■ **Activity**: Would you write out the records below exactly as given?

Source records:
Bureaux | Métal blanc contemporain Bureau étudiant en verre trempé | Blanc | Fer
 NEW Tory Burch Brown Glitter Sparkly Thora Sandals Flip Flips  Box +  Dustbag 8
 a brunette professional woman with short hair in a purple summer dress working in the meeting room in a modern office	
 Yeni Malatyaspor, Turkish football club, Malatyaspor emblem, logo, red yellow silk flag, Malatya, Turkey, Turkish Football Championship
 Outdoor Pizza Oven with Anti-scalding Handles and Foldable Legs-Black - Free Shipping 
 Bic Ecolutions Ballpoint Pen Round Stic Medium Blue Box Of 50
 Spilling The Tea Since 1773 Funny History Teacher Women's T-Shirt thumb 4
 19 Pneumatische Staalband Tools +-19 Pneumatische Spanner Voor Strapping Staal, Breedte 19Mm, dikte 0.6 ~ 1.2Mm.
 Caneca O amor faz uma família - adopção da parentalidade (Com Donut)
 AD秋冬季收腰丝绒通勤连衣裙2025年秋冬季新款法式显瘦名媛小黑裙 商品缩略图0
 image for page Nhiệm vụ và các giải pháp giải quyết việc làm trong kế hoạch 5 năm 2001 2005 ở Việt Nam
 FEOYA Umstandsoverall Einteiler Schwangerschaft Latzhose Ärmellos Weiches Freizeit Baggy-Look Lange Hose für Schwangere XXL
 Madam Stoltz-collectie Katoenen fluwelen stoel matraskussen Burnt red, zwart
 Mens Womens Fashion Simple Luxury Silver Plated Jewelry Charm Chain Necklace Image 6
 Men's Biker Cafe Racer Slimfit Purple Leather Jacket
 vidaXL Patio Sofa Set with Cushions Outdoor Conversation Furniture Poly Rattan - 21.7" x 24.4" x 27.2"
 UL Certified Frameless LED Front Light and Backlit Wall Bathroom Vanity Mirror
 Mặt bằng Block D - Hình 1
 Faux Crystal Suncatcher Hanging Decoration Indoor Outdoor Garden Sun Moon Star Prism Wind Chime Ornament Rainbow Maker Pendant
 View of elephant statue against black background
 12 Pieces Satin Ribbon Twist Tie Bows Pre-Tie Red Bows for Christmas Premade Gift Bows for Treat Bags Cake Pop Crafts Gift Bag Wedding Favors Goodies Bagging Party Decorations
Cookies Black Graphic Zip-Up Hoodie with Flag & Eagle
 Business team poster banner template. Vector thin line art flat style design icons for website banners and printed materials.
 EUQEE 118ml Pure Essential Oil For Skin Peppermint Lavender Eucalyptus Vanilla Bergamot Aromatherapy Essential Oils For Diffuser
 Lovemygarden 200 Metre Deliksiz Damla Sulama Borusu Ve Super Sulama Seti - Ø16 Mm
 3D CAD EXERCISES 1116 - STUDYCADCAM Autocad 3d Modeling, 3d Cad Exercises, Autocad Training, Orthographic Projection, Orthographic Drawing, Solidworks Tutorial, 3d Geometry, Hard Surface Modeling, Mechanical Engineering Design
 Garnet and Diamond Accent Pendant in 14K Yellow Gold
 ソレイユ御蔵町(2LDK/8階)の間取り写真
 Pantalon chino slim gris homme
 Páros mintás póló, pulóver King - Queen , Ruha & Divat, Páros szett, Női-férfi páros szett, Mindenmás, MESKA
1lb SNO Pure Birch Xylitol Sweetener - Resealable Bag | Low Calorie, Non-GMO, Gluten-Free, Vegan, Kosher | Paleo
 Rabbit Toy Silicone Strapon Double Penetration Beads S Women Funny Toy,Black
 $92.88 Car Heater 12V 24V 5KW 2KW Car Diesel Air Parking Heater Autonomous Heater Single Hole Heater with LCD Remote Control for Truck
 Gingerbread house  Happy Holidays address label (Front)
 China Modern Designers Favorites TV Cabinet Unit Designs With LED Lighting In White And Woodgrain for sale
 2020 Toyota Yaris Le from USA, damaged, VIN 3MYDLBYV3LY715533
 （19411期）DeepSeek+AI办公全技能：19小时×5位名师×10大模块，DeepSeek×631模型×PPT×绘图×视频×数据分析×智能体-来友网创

■ **Exercise answer**:
Bureaux | Métal blanc contemporain Bureau étudiant en verre trempé | Blanc | Fer
 NEW Tory Burch Brown Glitter Sparkly Thora Sandals Flip Flips  Box +  Dustbag 8
 a brunette professional woman with short hair in a purple summer dress working in the meeting room in a modern office	
 Yeni Malatyaspor, Turkish football club, Malatyaspor emblem, logo, red yellow silk flag, Malatya, Turkey, Turkish Football Championship
 Outdoor Pizza Oven with Anti-scalding Handles and Foldable Legs-Black - Free Shipping 
 Bic Ecolutions Ballpoint Pen Round Stic Medium Blue Box Of 50
 Spilling The Tea Since 1773 Funny History Teacher Women's T-Shirt thumb 4
 19 Pneumatische Staalband Tools +-19 Pneumatische Spanner Voor Strapping Staal, Breedte 19Mm, dikte 0.6 ~ 1.2Mm.
 Caneca O amor faz uma família - adopção da parentalidade (Com Donut)
 AD秋冬季收腰丝绒通勤连衣裙2025年秋冬季新款法式显瘦名媛小黑裙 商品缩略图0
 image for page Nhiệm vụ và các giải pháp giải quyết việc làm trong kế hoạch 5 năm 2001 2005 ở Việt Nam
 FEOYA Umstandsoverall Einteiler Schwangerschaft Latzhose Ärmellos Weiches Freizeit Baggy-Look Lange Hose für Schwangere XXL
 Madam Stoltz-collectie Katoenen fluwelen stoel matraskussen Burnt red, zwart
 Mens Womens Fashion Simple Luxury Silver Plated Jewelry Charm Chain Necklace Image 6
 Men's Biker Cafe Racer Slimfit Purple Leather Jacket
 vidaXL Patio Sofa Set with Cushions Outdoor Conversation Furniture Poly Rattan - 21.7" x 24.4" x 27.2"
 UL Certified Frameless LED Front Light and Backlit Wall Bathroom Vanity Mirror
 Mặt bằng Block D - Hình 1
 Faux Crystal Suncatcher Hanging Decoration Indoor Outdoor Garden Sun Moon Star Prism Wind Chime Ornament Rainbow Maker Pendant
 View of elephant statue against black background
 12 Pieces Satin Ribbon Twist Tie Bows Pre-Tie Red Bows for Christmas Premade Gift Bows for Treat Bags Cake Pop Crafts Gift Bag Wedding Favors Goodies Bagging Party Decorations
Cookies Black Graphic Zip-Up Hoodie with Flag & Eagle
 Business team poster banner template. Vector thin line art flat style design icons for website banners and printed materials.
 EUQEE 118ml Pure Essential Oil For Skin Peppermint Lavender Eucalyptus Vanilla Bergamot Aromatherapy Essential Oils For Diffuser
 Lovemygarden 200 Metre Deliksiz Damla Sulama Borusu Ve Super Sulama Seti - Ø16 Mm
 3D CAD EXERCISES 1116 - STUDYCADCAM Autocad 3d Modeling, 3d Cad Exercises, Autocad Training, Orthographic Projection, Orthographic Drawing, Solidworks Tutorial, 3d Geometry, Hard Surface Modeling, Mechanical Engineering Design
 Garnet and Diamond Accent Pendant in 14K Yellow Gold
 ソレイユ御蔵町(2LDK/8階)の間取り写真
 Pantalon chino slim gris homme
 Páros mintás póló, pulóver King - Queen , Ruha & Divat, Páros szett, Női-férfi páros szett, Mindenmás, MESKA
1lb SNO Pure Birch Xylitol Sweetener - Resealable Bag | Low Calorie, Non-GMO, Gluten-Free, Vegan, Kosher | Paleo
 Rabbit Toy Silicone Strapon Double Penetration Beads S Women Funny Toy,Black
 $92.88 Car Heater 12V 24V 5KW 2KW Car Diesel Air Parking Heater Autonomous Heater Single Hole Heater with LCD Remote Control for Truck
 Gingerbread house  Happy Holidays address label (Front)
 China Modern Designers Favorites TV Cabinet Unit Designs With LED Lighting In White And Woodgrain for sale
 2020 Toyota Yaris Le from USA, damaged, VIN 3MYDLBYV3LY715533
 （19411期）DeepSeek+AI办公全技能：19小时×5位名师×10大模块，DeepSeek×631模型×PPT×绘图×视频×数据分析×智能体-来友网创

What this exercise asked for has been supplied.